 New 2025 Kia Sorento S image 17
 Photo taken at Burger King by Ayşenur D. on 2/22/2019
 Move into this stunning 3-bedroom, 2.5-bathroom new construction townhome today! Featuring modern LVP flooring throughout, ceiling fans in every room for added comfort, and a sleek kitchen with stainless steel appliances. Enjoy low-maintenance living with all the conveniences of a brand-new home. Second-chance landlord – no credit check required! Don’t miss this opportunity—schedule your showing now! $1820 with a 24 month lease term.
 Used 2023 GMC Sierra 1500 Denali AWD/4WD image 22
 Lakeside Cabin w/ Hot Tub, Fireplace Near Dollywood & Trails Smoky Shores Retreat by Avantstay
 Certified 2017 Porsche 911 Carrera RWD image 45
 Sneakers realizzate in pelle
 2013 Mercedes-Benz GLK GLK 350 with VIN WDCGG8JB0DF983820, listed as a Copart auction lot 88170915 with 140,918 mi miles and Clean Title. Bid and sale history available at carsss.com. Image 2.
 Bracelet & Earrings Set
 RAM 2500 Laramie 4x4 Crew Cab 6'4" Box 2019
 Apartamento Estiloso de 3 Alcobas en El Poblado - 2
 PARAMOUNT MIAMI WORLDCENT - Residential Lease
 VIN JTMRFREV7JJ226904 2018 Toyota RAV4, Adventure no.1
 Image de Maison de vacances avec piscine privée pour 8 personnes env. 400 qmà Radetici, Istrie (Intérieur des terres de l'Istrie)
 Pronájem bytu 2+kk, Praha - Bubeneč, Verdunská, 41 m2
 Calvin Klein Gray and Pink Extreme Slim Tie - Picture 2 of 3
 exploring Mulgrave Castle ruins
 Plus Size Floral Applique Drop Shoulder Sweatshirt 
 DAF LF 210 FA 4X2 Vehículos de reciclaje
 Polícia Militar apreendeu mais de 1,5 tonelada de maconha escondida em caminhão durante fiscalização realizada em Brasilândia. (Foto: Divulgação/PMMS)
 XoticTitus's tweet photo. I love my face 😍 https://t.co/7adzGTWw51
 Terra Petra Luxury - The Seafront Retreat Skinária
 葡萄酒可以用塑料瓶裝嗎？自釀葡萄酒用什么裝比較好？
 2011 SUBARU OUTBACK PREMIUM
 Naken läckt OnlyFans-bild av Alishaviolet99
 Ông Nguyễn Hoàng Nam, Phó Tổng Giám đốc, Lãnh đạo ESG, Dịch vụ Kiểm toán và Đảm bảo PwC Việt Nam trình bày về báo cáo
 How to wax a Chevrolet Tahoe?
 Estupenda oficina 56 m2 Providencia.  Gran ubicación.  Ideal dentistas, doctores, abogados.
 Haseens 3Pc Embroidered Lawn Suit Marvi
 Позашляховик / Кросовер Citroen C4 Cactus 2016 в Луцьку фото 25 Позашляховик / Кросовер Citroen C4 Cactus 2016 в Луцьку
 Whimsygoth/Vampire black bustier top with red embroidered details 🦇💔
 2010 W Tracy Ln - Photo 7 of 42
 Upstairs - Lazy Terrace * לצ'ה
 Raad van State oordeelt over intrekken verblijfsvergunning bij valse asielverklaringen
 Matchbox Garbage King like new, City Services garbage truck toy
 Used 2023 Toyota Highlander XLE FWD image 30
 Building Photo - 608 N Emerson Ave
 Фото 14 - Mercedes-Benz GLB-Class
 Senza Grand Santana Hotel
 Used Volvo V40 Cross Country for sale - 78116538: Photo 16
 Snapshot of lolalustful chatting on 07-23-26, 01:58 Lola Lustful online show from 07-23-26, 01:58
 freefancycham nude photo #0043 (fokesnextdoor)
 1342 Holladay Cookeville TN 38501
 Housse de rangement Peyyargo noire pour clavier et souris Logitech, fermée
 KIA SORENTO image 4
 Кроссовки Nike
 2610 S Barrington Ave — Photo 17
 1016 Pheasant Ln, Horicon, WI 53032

# # # # #

All lines that hold the word "Mercedes" should be copied from the data.

 2013 Mercedes-Benz GLK GLK 350 with VIN WDCGG8JB0DF983820, listed as a Copart auction lot 88170915 with 140,918 mi miles and Clean Title. Bid and sale history available at carsss.com. Image 2.
 Фото 14 - Mercedes-Benz GLB-Class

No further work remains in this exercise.